All SIMD machines rely on methods that convert control flow into data flow. Interestingly, though, no one uses actual data flow functionality to do that (for a hypothetical example instruction VPSPLIT, see my other text here). Instead, they use the well known technique of predication/if conversion. Some machines might have predicates as first class data types. Some might use primitives like conditional move or select. But one weakness is common to all these programming models: they eliminate the conditional branches, but they do not eliminate the overhead of those branches (the EPIC programming model has the exact same weakness). Some GPU programming models pretend to execute conditional branches, but internally map this onto traditional SIMD design patterns, and suffer from the same problems.
Ultimately, all of today's SIMD machines end up executing both paths of a conditional branch. That's roughly equivalent to a guaranteed branch misprediction every single time (where you execute the wrong path first, and then the correct path after that). This is the sore spot of SIMD, so watch out for every little bit of help: min/max instructions, instructions for clamping of values, table lookup instructions, anything that helps you express decisions in a program without resorting to branches.
If you happen to target a platform with unusually powerful data flow or data storage features, see if you can emulate something like the VPSPLIT operation mentioned at the beginning of this section. It is is the only hope you have of executing only one side of a branch in a SIMD way (you do not eliminate the branch, but reduce its overhead from one guaranteed misprediction per vector element down to one non-guaranteed misprediction per whole vector).
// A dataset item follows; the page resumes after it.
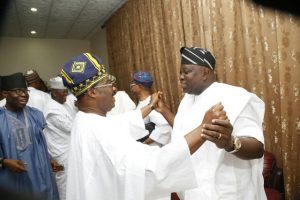 Senator Rilwan Adesoji Akanbi left watches as Governors Abiola Ajimobi and Akinwunmi Ambode exchange'comradeship' and fraternal greetings...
As a second step, you would look at timing details of the specific hardware you are targeting. This information may or may not be documented by the hardware vendor, and even if it is documented, it may be inaccurate. Take the time to dig a little deeper. If you really can't find anything, don't shy away from making experiments to infer relative latencies and throughputs of important functionality. It will pay off later, for a simple reason: low performance can make some functionality effectively unavailable for code tuning.
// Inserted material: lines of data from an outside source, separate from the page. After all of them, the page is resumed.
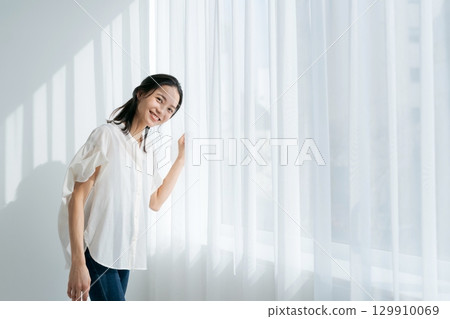 A woman in denim standing by the window 129910069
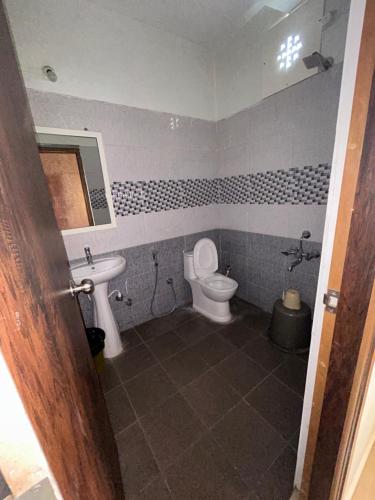ein Bad mit einem WC und einem Waschbecken in der Unterkunft HOTEL CHRUCH SIDE in Madikeri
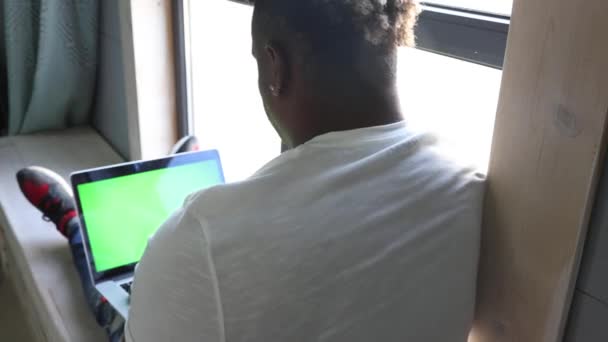 Il ragazzo nero usa un portatile, lavora da remoto, naviga sulla rete globale — Video Stock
I feel I must repeat this for emphasis: low performance can make some functionality effectively unavailable for code tuning. This may seem exaggerated or trivial, but do not forget that we vectorize code for the overall goal of optimal efficiency. If there is some semantically neat feature that does not bring us closer to that goal, we are better off pretending it does not exist. A fellow code tuner calls such features "performance trojan horses". This is the mindset you need here: do not accept everything only because it is a gift.
In the context of SIMD programming, high throughput usually trumps low latency. That's because data sets are large (as established as one of the fundamental requirements for effective massively data parallel programming). Latency still matters, but chances are that you have an easy time covering it with other useful work. Consequently, throughput tends to be the more suitable of the two basic performance metrics. Start from there, until you have other experience to go by.
So in this second step, you should make another pass over the list of goodies, baddies, and weirdness, and adjust it accordingly. Some goodies might have to be cautioned, some even might have to be pruned. Some baddies might not be so bad after all, and some of the weirdness might clear itself up. In the ideal case, you should now have a coarse mental model of the machine that allows you to make forecasts with some accuracy: how easy or hard it might be to program for certain functionality, and where performance bottlenecks are likely to show up under a given set of conditions.